人権侵害、沈黙する住民 新疆ウイグル自治区の「安定」は誰のためか
食堂の店先で、陽気そうなウイグル族の男性が大きな肉の塊を切っていた。手元の包丁には鎖がつながっている。
何のために? そう尋ねると、おどけたように包丁を振ってみせた。「5、6年前から」こうなっているのだと言うが、それ以上は何も話さなかった。6月末、中国の新疆ウイグル自治区西部カシュガル市を訪れたときのことだ。
15年前の7月5日、自治区の区都ウルムチ市では多数派の漢族と少数民族のウイグル族が衝突するウルムチ騒乱が起きた。
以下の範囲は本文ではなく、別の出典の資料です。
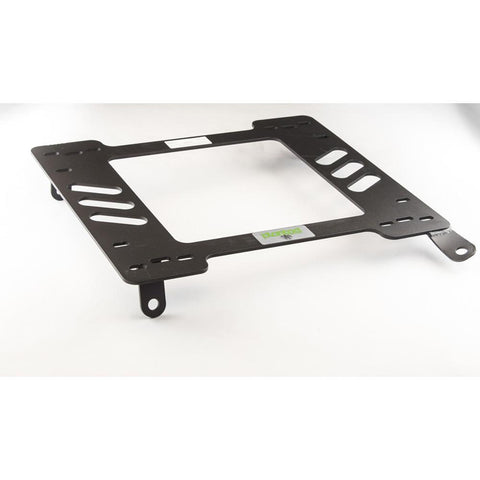 Planted Seat Bracket - Passenger Side [RH] | 1979-1985 Mazda RX7 (SB078PA)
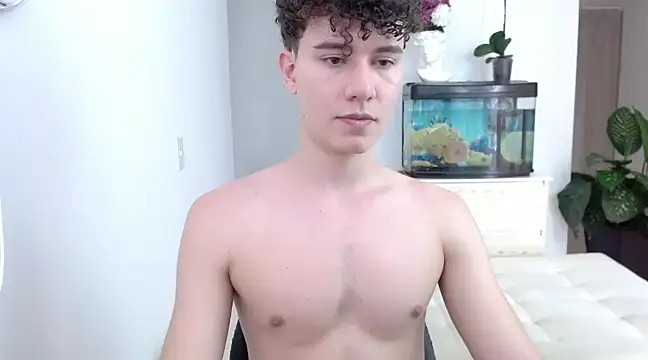 adrian morelly online show from 03-19-25, 06:23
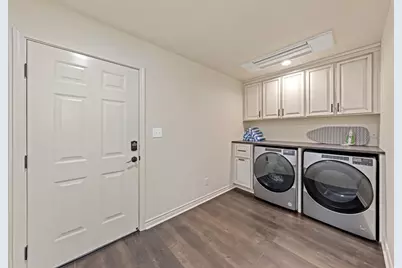 2485 Old San Antonio Rd, Fredericksburg, TX 78624 - Photo 13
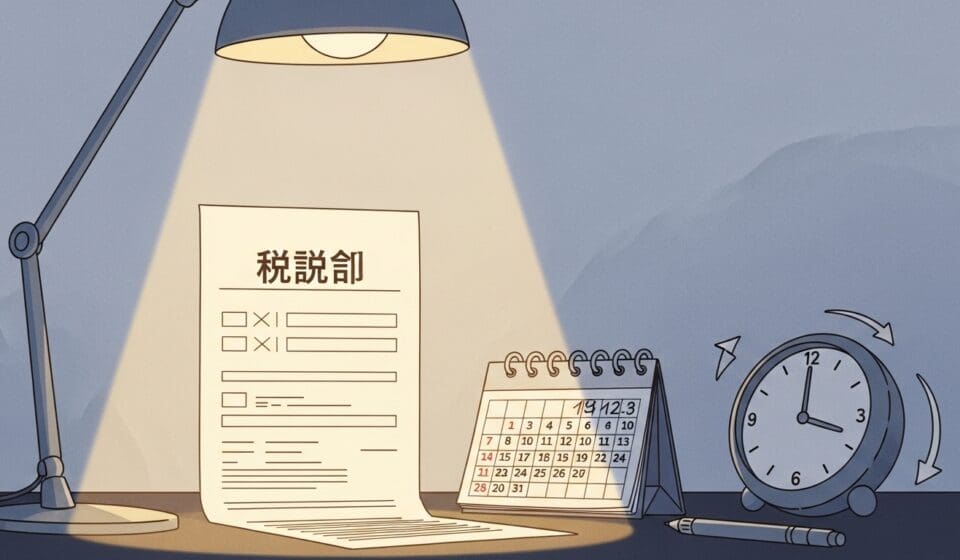 난민심사 불회부, 당신의 권리가 문턱에서 막힐 때: 대응 방안 심층 가이드 a81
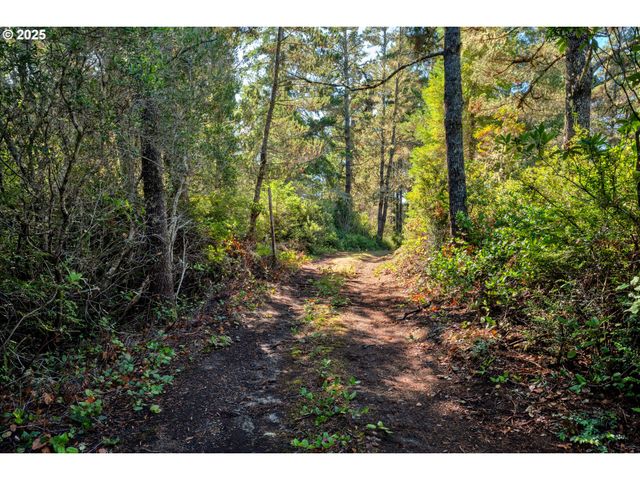 5603 FRIENDLY ACRES Rd, Florence, OR 97439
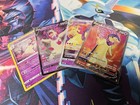 Hisuian Typhlosion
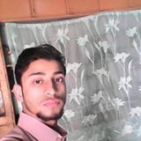 muhammad-omair
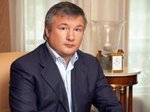 В Киргизии задержан бывший сенатор от Башкирии
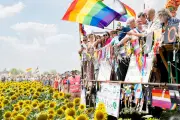 Coming out : une contrainte qui renforce les hiérarchies de genre et sexualité
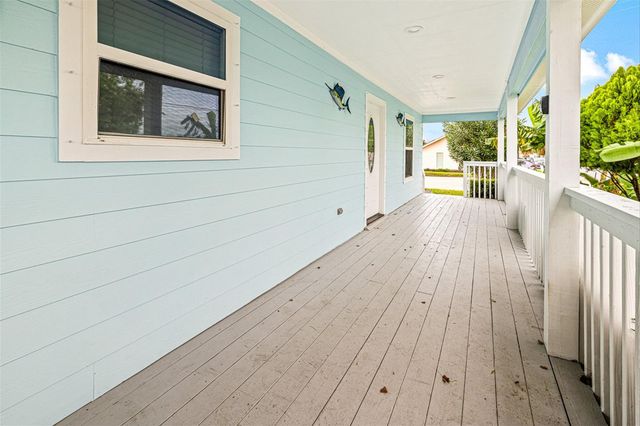 1602 55th Street, Galveston, TX 77551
漢族とウイグル族の対立感情が高まり、中国政府は少数民族への締め付けを強めていった。
現在はAI(人工知能)を駆使した監視が発達し、当時よりさらに厳しい情報統制が敷かれている。
人びとはいま、どんな思いで暮らしているのか。10年あまり前から何度も新疆ウイグル自治区を取材してきた私は、6月下旬~7月上旬に自治区の各地を訪ねた。
カシュガルの肉屋でもウルムチの果物屋でも、あちこちの店舗で、刃物が鎖やひもで台に固定されていた。
これは当局による「テロ対策」の措置とみられている。かつて、ウイグル族が容疑者として関わったとされる暴力事件が相次いだことが背景にある。
しかし、鎖の理由を語ってくれる人はいなかった。ほかにも、「沈黙」が至るところで取材に立ちはだかった。